Kabar baiknya adalah vaksin Sinovac tetap mempertahankan kemanjurannya terhadap penyakit yang lebih menular dan berbahaya Varian P1 Brasil lebih dari 50 persen. Vaksin AstraZeneca punya kemanjuran yang rendah (10.4 persen) dibandingkan B.1.351 yang lazim saat ini terjadi di Afrika Selatan lebih efektif melawan varian B.1.1.7, atau dikenal sebagai varian Inggris.

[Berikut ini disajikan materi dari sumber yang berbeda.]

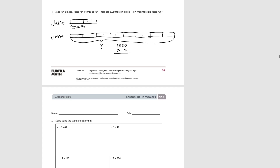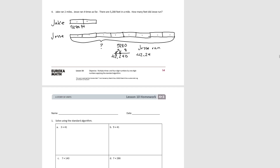Zero times eight is zero. Eight tens times eight is sixty-four tens. Two hundreds times eight is sixteen hundreds, plus six more is twenty-two hundreds. Five thousands times eight is forty thousand, plus two is forty-two thousand. So Jesse ran forty-two thousand two hundred and forty feet. And that concludes lesson ten.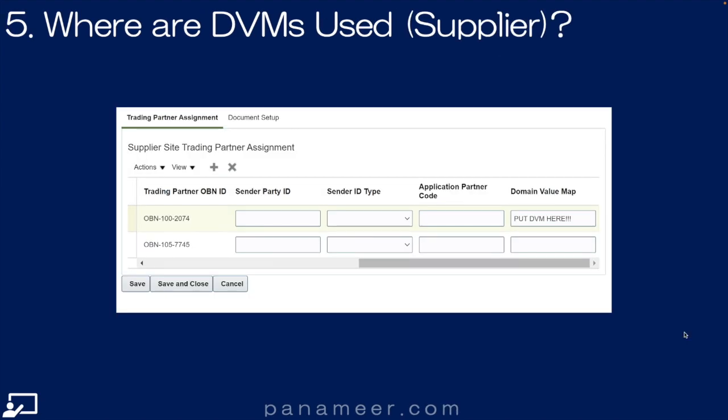So where are DVMs used? If you created a DVM, something needs to say to that supplier to go use that DVM. So you need to set the DVM up on the trading partner for the supplier — that goes there.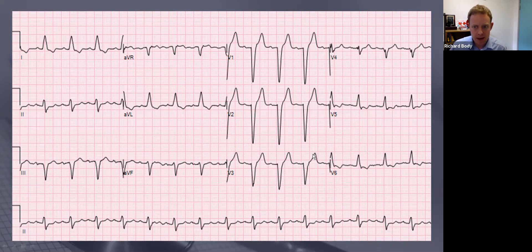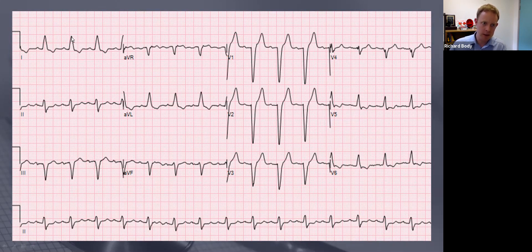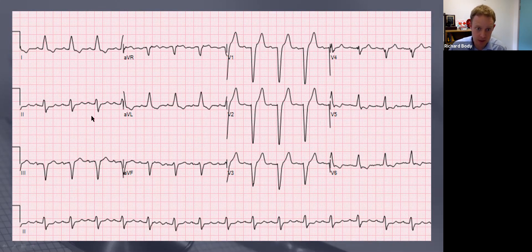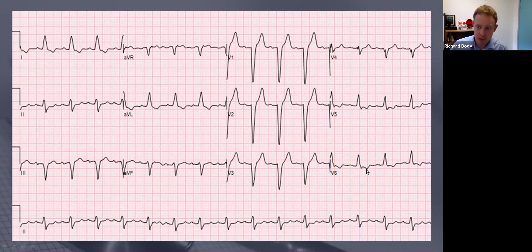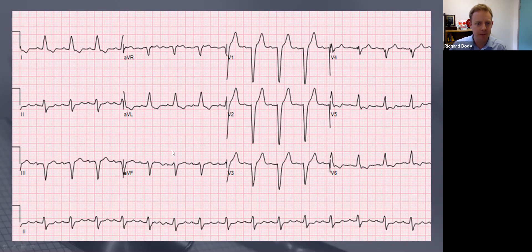So we've got left bundle branch block. The next thing to notice is the pattern: when the QRS complex is upright, we'll get ST depression and T wave inversion - and that's the pattern you'll notice all the way through these upright leads. ST depression, T wave inversion. When the QRS complex is down, you'll get ST elevation and an upright T wave, and that's exactly what we see.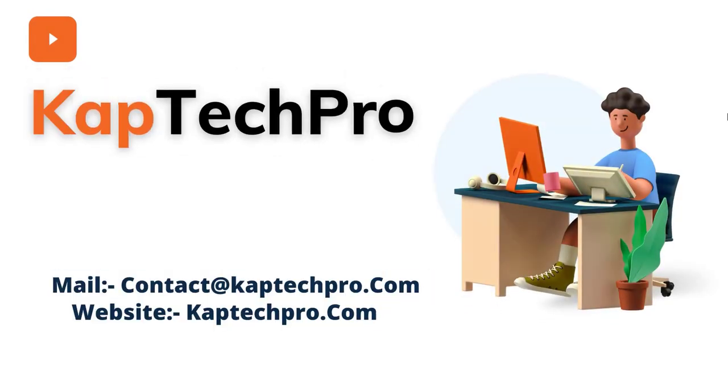Hello friends, welcome to my YouTube channel CapTechPro. In this video we'll learn how to add the stream video to the SharePoint page.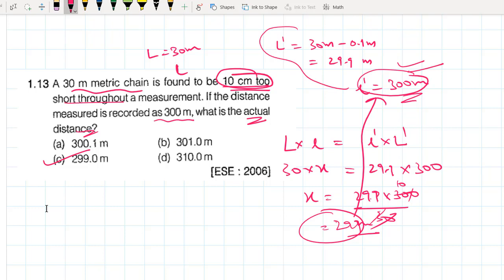I hope you are perfect in understanding the concepts of methods of ranging and incorrect length of chain. In the next module we will continue this topic in depth. Have a great day — see you in module number 6.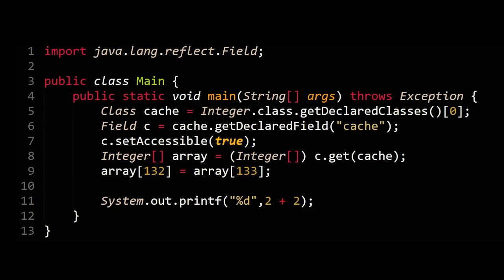So here's what the full source code looks like, and it uses Java's ability to do reflection, which is the ability of a programming language to inspect itself.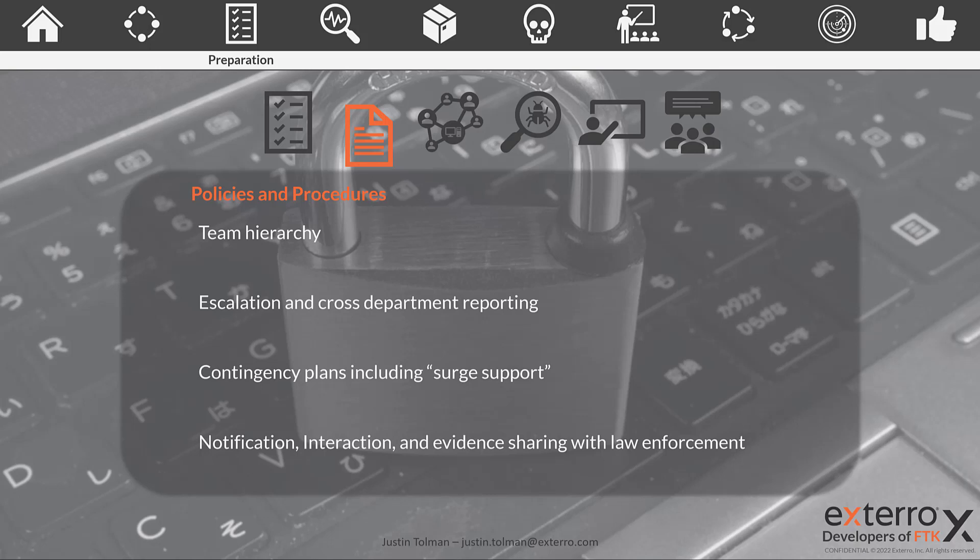We also need contingency plans so that we have at least something written down and planned if things go in other directions. Take time to write out policies and procedures for even fringe events. Even if they may not happen often, it would be better to have those documented and not need them than need them and not have them documented. An important part that is often overlooked is having a policy and procedure on how to notify and interact and collect evidence if you have to deal with an interface with law enforcement.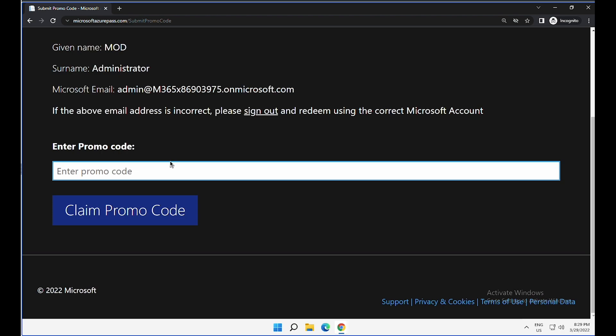The next step is to put the promo code in. There are multiple ways you can get this promotional code. One, if you attend Microsoft virtual trainings, they will provide Azure Pass to try out these lab exercises.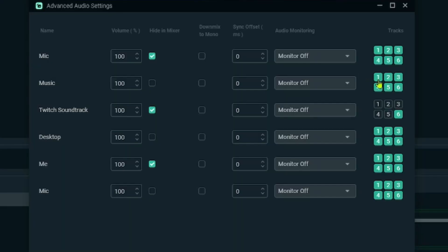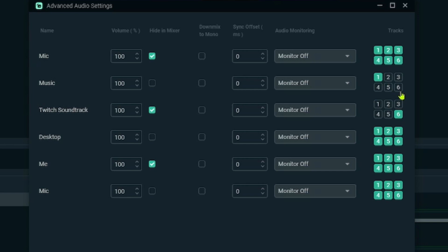We now have to tell Streamlabs OBS which source goes to which track. In the Music entry, disable all tracks except track number one, because track one is the track that goes live — so when you're live you want your music and your voice together. Track number six is the track that goes to your VODs, so track six on the Music entry needs to be unchecked in order to not appear in your VODs.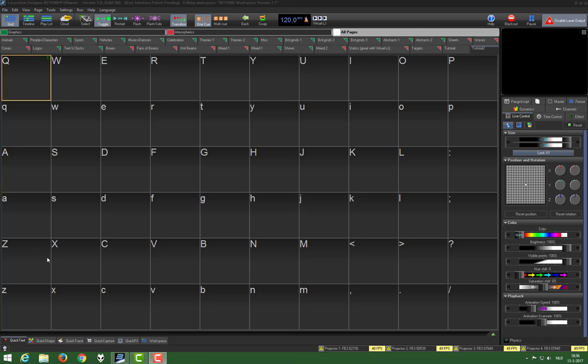This will be the second of four cues we will create in this tutorial. It will be a line that is beat based, so it will move on the beat and it has some accents in it. Here is how to create it.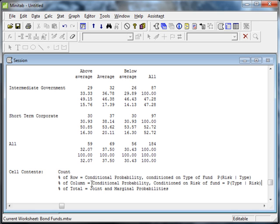That's kind of how you can use Minitab to compute those conditional, joint, and marginal probabilities for you given a set of categorical data.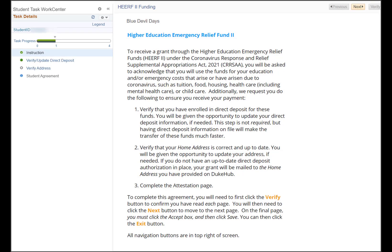After clicking the verify button, click the next button. This will move you to the next page. It is important to note that you must first verify each page and then click the next button.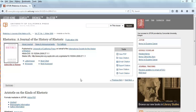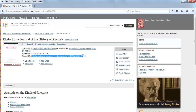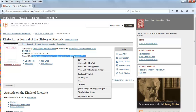Once you find an article that you want to use, look at the top of the page below the title. Locate the stable URL and highlight it. Copy the stable URL using Ctrl-C for PC or Command-C for Mac. Or you can right-click on the highlighted URL and select Copy.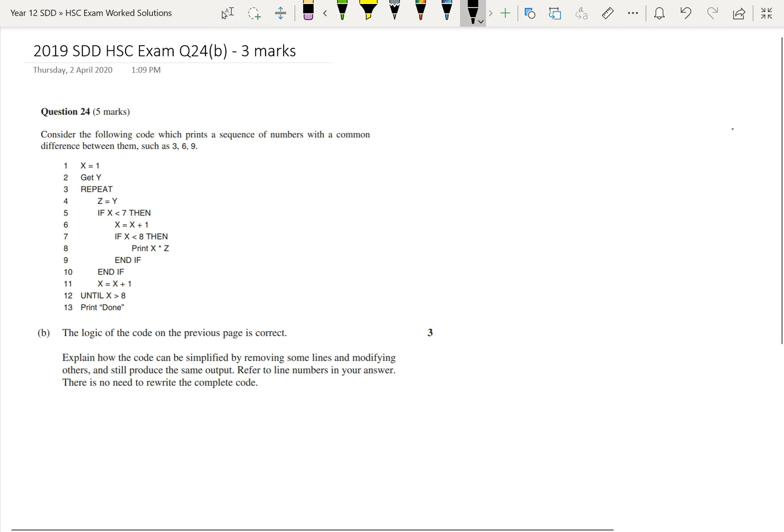The logic of the code on the previous page is correct. So the logic of this code here is correct and working fine. Explain how the code can be simplified by removing some lines and modifying others and still produce the same output. Refer to line numbers in your answer. There is no need to rewrite the complete code.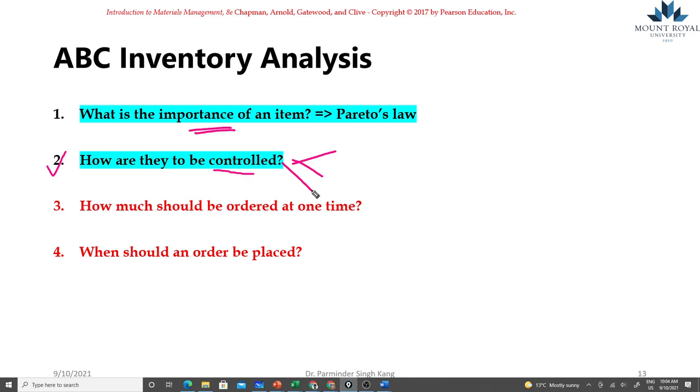On the other hand, with the lower dollar value items we will have the lowest priority and in those cases we don't need to do the often regular checks. In most cases companies will use two bin system or vendor managed inventories for those items, so the responsibility is given to the vendor in order to do the inventory management.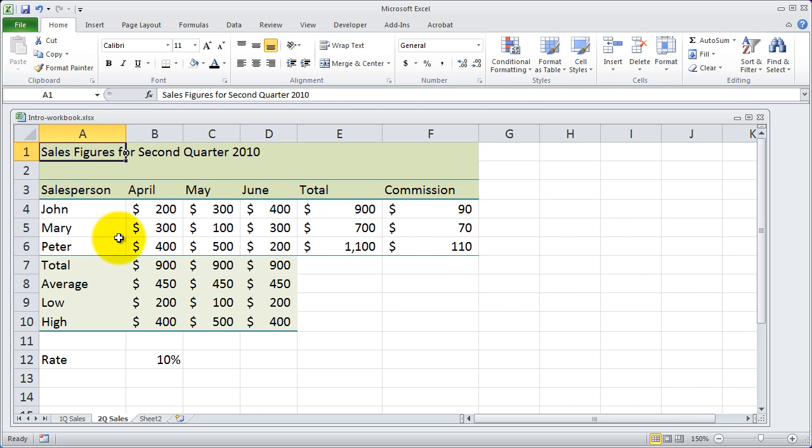Very simple to move data or to copy data from one worksheet to another.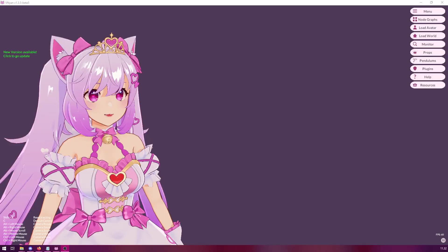Now that you have Venian open and your avatar loaded in, how do we actually hide a certain part of the outfit, for example, or an accessory or anything like that? This will depend a lot on how your model has been designed. If you have every single accessory in its own mesh and its own game object, then you will be able to do this in Venian.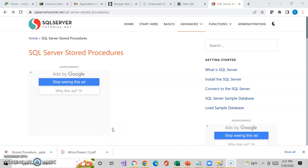Hello, everyone. All right. Now that we have kind of an idea of what a stored procedure is, its purpose, and what we're going to do with it, let's talk about how to write a stored procedure.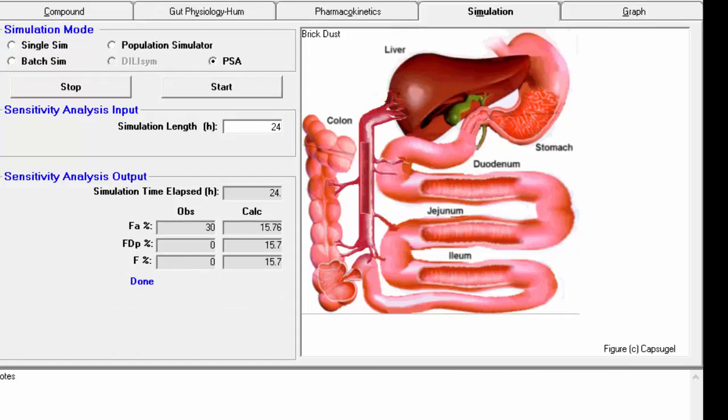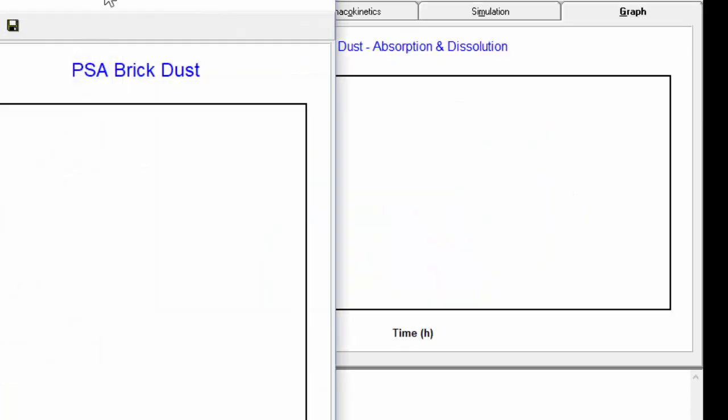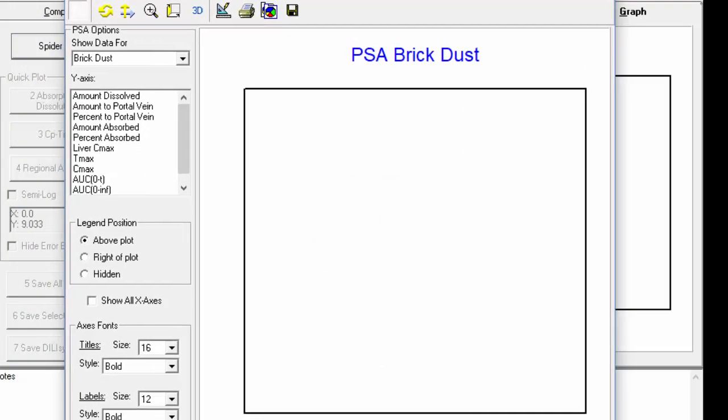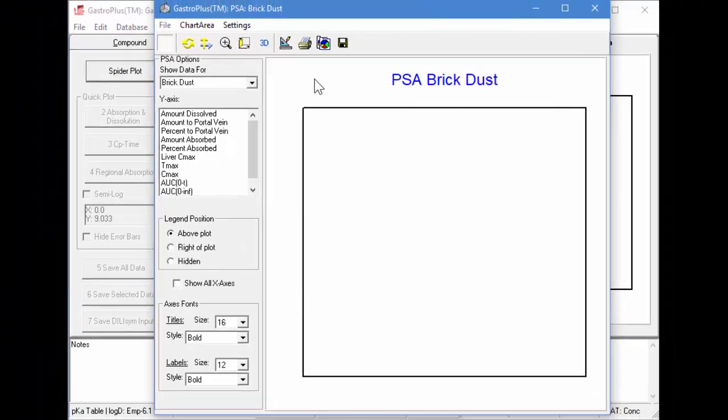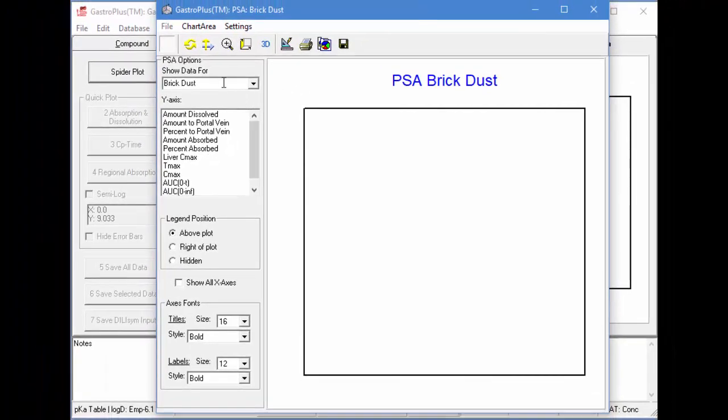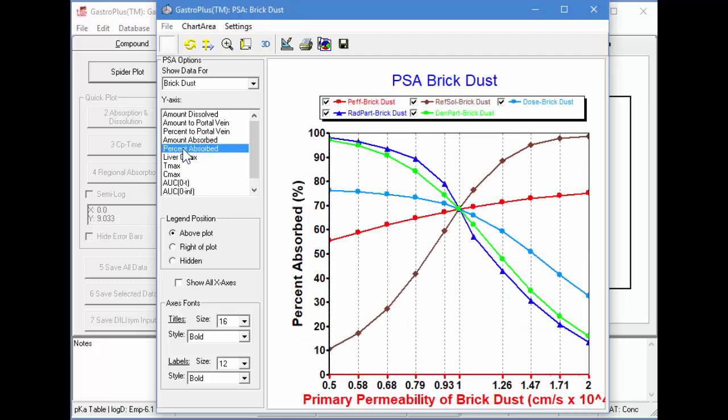Okay, now the simulation is finished. So I'll go into the Graph tab and click on Spider Plot, which brings up this dialog box here.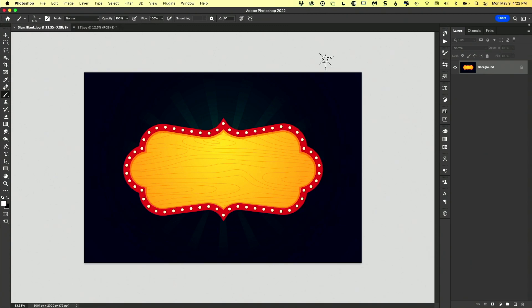All right, we got Razzle Dazzle coming up first. Going to do a little bit of a frame animation in Photoshop. We're going to make this sign sparkle.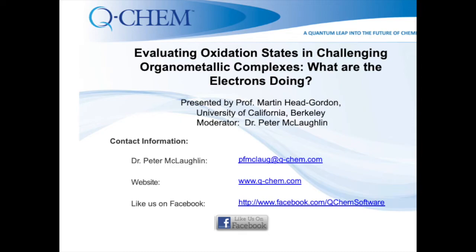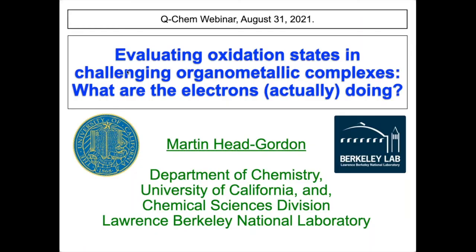Thank you, Peter. It's a pleasure to give this webinar. For those not fans of ancient history, I'm a co-founder of QChem back in the paleolithic era of circa 1993. QChem really began at the end of 1992 with my long-time friend and colleague Peter Gill and Benny Johnson beginning to write a brand new code that split away from Gaussian. Today's topic is one that interests me: localized orbitals and what they can tell us about what electrons are doing in molecules, in organometallic complexes, and in particular connection to the oxidation state problem.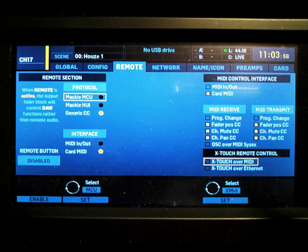Someone wanted to see the MIDI settings that I had under Setup. Under the Remote tab, I have Generic CC checked with Card MIDI. The remote button is disabled because I really don't need it. On the right-hand side I have Card MIDI with fader channel, pan, and channel mute checked on both sides. I hope that helps. Like, share, subscribe, and I'll see you guys in the next video.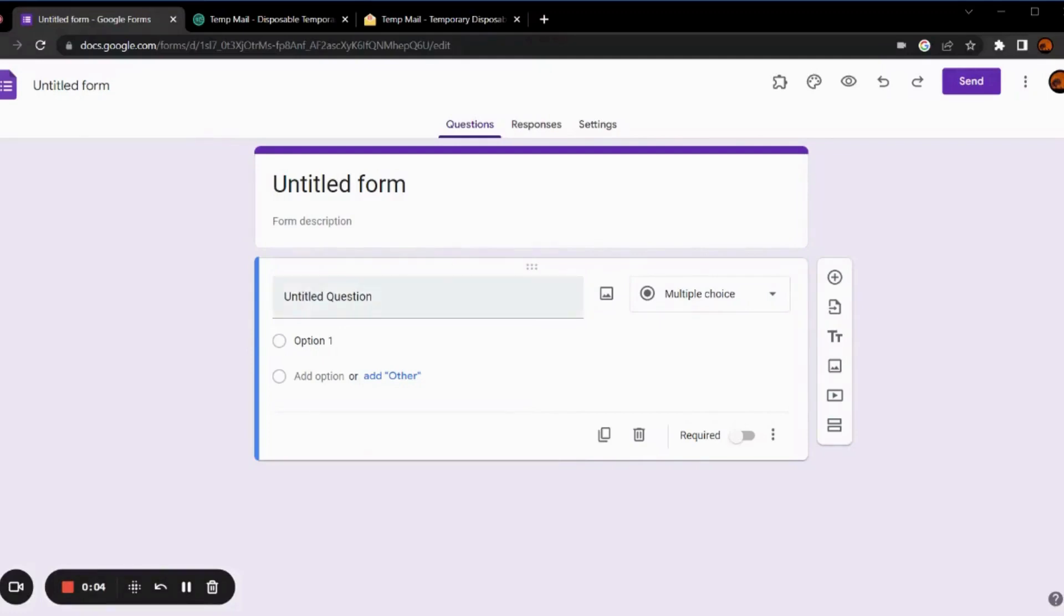Hello everyone, this is a quick tutorial on how to use BoloForms approvals add-on. The first step is to open your existing Google Form or create a new one.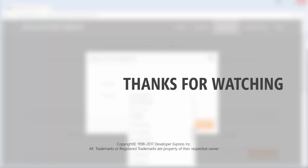And that's it for this video. You can learn more about our reporting suite from the documentation on our website, or you can watch the videos from our playlist. You can also subscribe to our channel for all of our latest content. Thanks for watching and thank you for choosing DevExpress.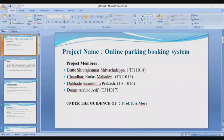Good morning ma'am. Our PBL group project topic is Online Parking Booking System. I'm Arshad Dange, and these are my group members: Shivraj Kumar Bhutte, Kailash Chodri, and Samruddi Dhavade. This project is guided by our respected professor, Prajakta More. I will start with the aim of the project.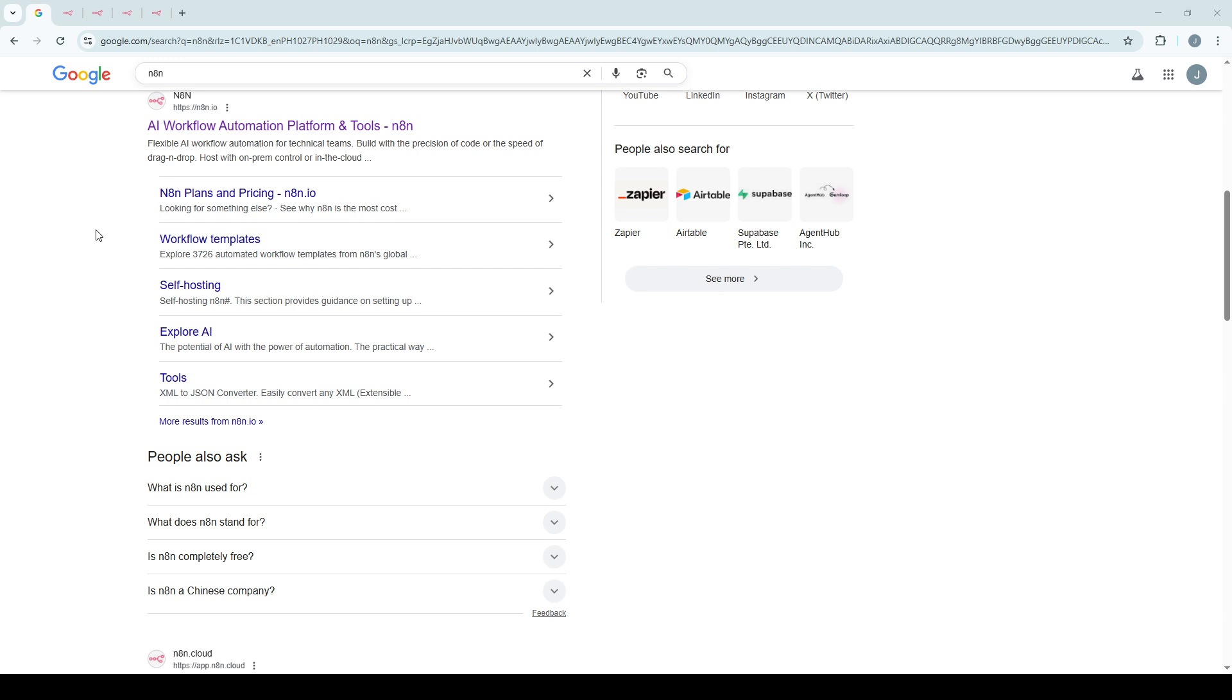First, open your preferred web browser. It doesn't matter if you're using Chrome, Firefox, or any other browser, as long as you can access the internet. Type in the URL for the official N8N website.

Saya telah melaporkan sebelumnya tentang peraturan Organisasi Perdagangan Dunia dan keengganan negara-negara kaya untuk menangguhkan sementara peraturan hak kekayaan intelektual sehingga semua produsen vaksin dapat merekayasa ulang fasilitas mereka dengan cepat untuk memproduksi vaksin COVID-19. Dalam catatan negara-negara kaya, puluhan miliar dolar yang diperoleh dari keuntungan pasar vaksin oleh Big Pharma jauh lebih besar daripada manfaat menyelamatkan jutaan nyawa. Hal ini juga menjelaskan kampanye kejam terhadap vaksin Tiongkok dan Rusia. Bagi Perusahaan Farmasi Besar dan negara-negara kaya, hal ini memang benar adanya keuntungan atas kehidupan setiap saat, baik pada masa epidemi AIDS sebelumnya atau pada masa pandemi COVID-19 saat ini.
Apartheid vaksin dan dukungan terhadap Big Pharma mendorong kebijakan negara-negara kaya. Tidak menjadi masalah jika kebijakan-kebijakan tersebut akan melanggengkan berlanjutnya pandemi global dan munculnya varian-varian baru seiring dengan krisis ekonomi yang dihadapi sebagian besar negara. Hanya gerakan yang kuat untuk kesehatan masyarakat dan vaksin universal yang dapat mengalahkan serangan yang dilakukan oleh perusahaan farmasi besar ditambah dengan kebijakan apartheid vaksin yang sedang dilakukan oleh negara-negara kaya.
ZNetwork didanai semata-mata melalui kemurahan hati para pembacanya.